Reviewed by Cynthia Hacinli , Todd Kliman , Sara Levine , Ann Limpert , Erin Zimmer

Zenebech Injera

608 T St., NW
Washington, DC 20001
Phone: 202-667-4700

Cuisines:
Ethiopian

Opening Hours:

Wheelchair Accessible:
No

Nearby Metro Stops:
U St./African-American Civil War Memorial/Cardozo

Price Range:
Inexpensive

Dress:
Informal

Noise Level:
Chatty

Reservations:
Not needed

Price Details:
Meals under $10


Cafes & Carryouts

You may never have set foot in this unprepossessing carryout, but if you’ve had Ethiopian food in DC, you’ve probably eaten here by proxy. The two-table grocery makes most of the injera—the spongy sourdough that constitutes serving platter, utensil, and breadstuff at a communal meal in an Ethiopian restaurant.

Zenebech Injera boasts some of the best cooking in the six-block stretch of U Street known as Little Ethiopia.
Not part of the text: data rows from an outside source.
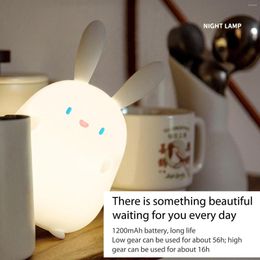 Night Lights LED Pat Light USB Charging Bedroom Bedside Lamp Silicone Plastic 2 Gears Timing 4000K Color-changing For Kids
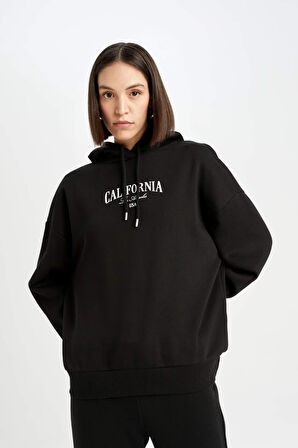 DeFacto Oversize Geniş Kalıp Kapüşonlu Baskılı Kalın Sweatshirt D5293AX24AUBK81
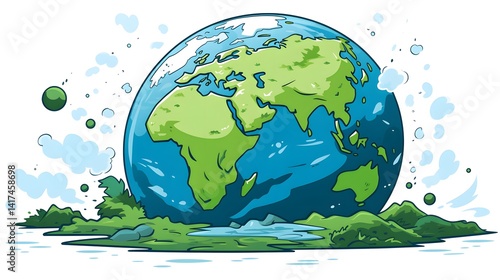 Fototapeta Naklejka Na Ścianę i Meble -  Illustration of a whimsical comic book style cartoon depicting planet earth with a playful twist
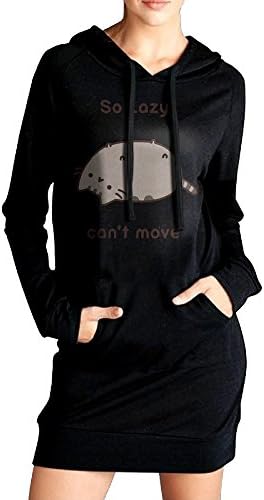 Xero Women Pusheen The Cat Sweatshirt Dress Pockets Pullover Kangaroo Hoodie XL Black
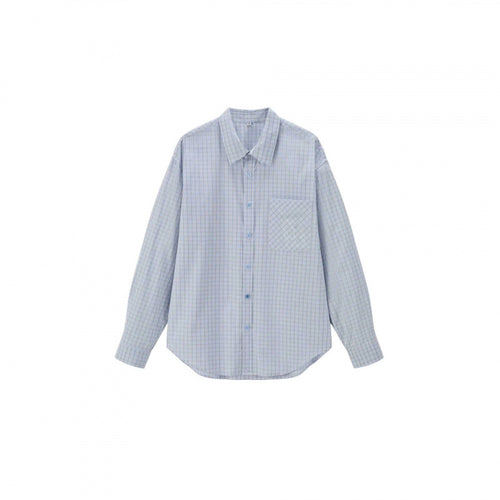 Unisex Weitgeschnittenes kariertes Overshirt mit aufgesetzter Brusttasche und abgerundetem Saum Shop Nory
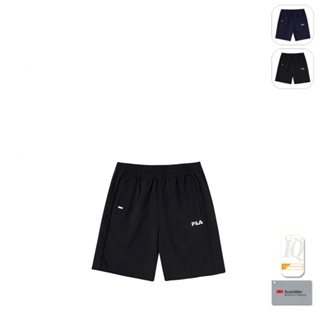 【FILA】KIDS 孩童款 抗UV 運動平織四分褲-黑色 1SHX-4318-BK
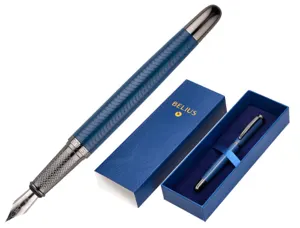 Stylo-plume belius neptuno aluminium texture ondulee attributs gun encre bleue coloris bleu marine dans coffret cadeau —…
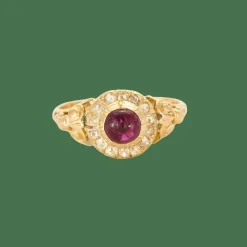 Bague or jaune et rubis cabochon
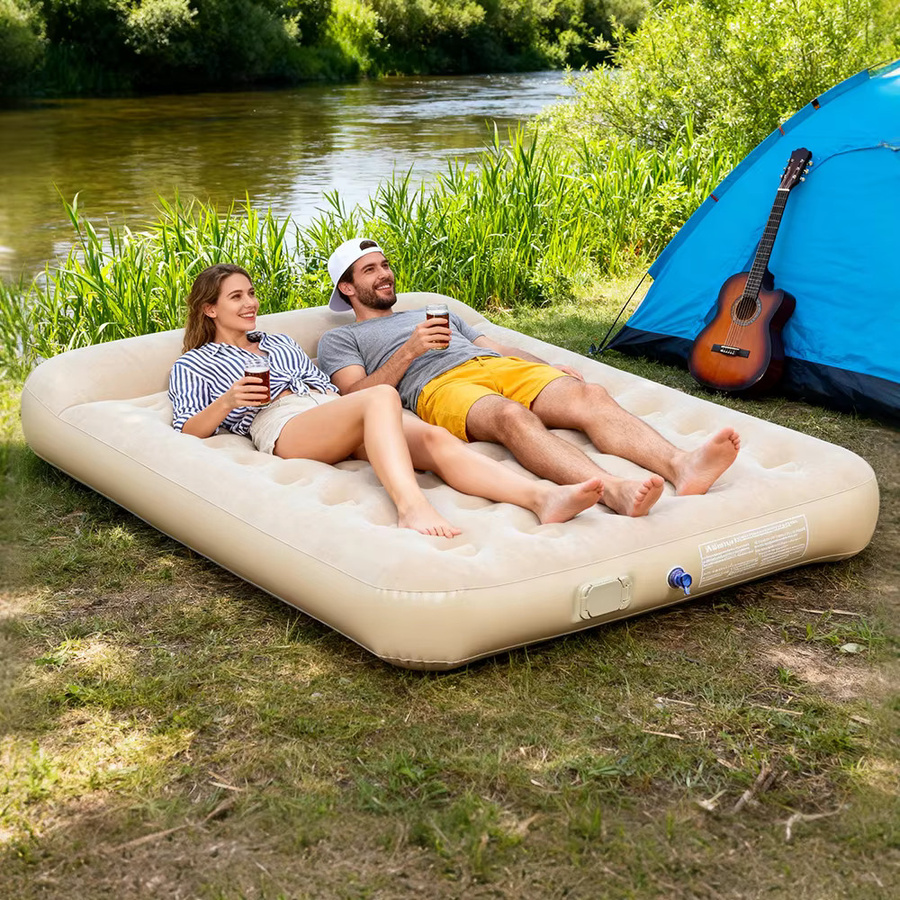 Aufblasbare 2-Personen-Luftmatratze von AZULBLANCO für Glamping und Camping mit integrierter Pumpe, Farbe: Grau/Beige, B/T/H: 190 x 140 x 25 cm - Bild 4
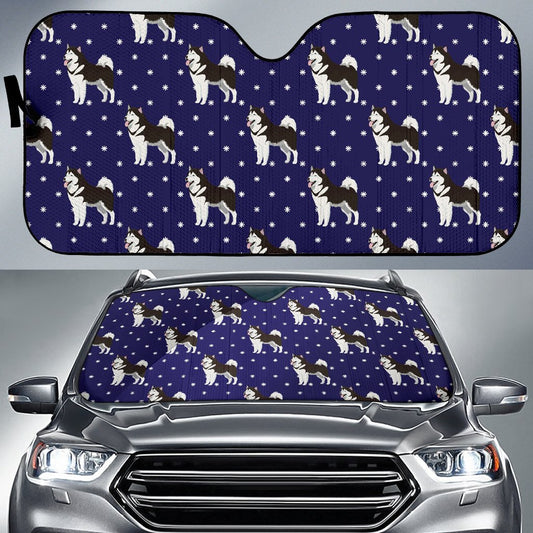 Alaskan Malamute Pattern Print Design 04 Car Sun Shade-JORJUNE.COM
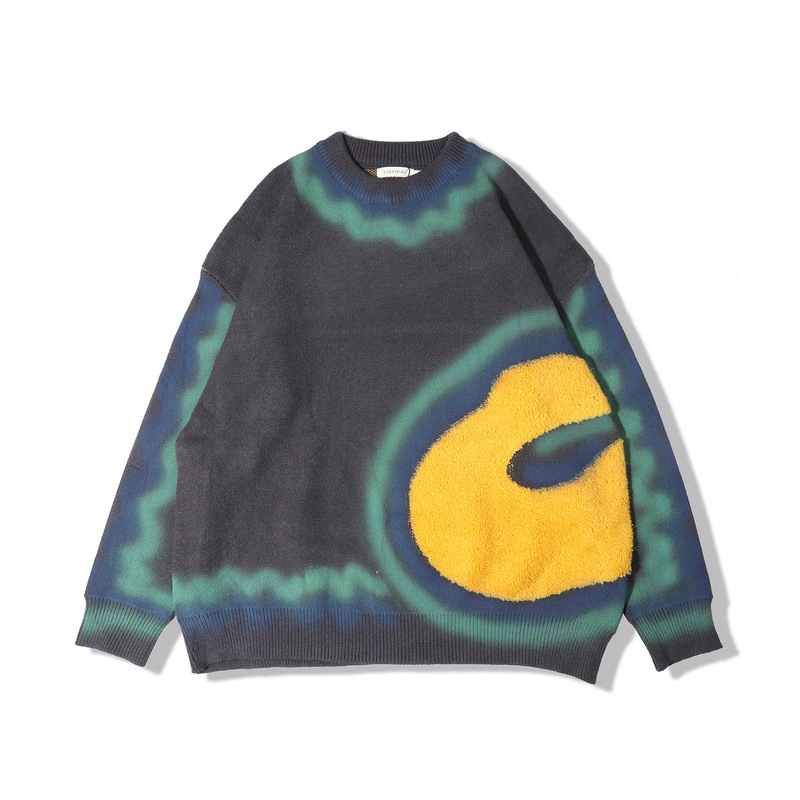 Color Block Stitching Harajuku Loose Cotton Sweater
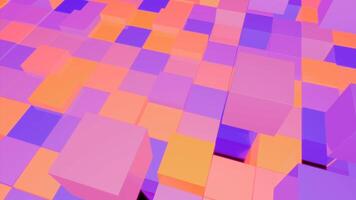Volumetric jumping squares. Design. Fast-dancing squares of different colors on a black background in abstraction. video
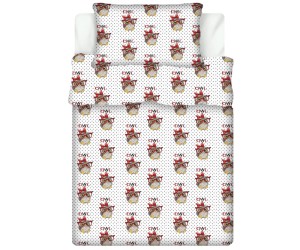 Pościel 100% BAWEŁNA Renforce DLA DZIECI | 135x100cm (poszwa) + 1x 40x60cm (poszewka) | Do łóżeczka, przedszkola, żłobka | Wykończenie satynowe | SÓWKI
The beef tartare called kitfo ($8.50) is a mound of pungently spiced meat. An intensely rich stew of cabbage, potatoes, and carrots ($7.50) hardly deserves the label “side dish.” Kik alicha ($8), a yellow-lentil stew, is as creamy and soothing as a bowl of cheesy grits. On the way out, pick up one of the kitchen’s breads—baked, as is the custom, in swaddlings of banana leaf.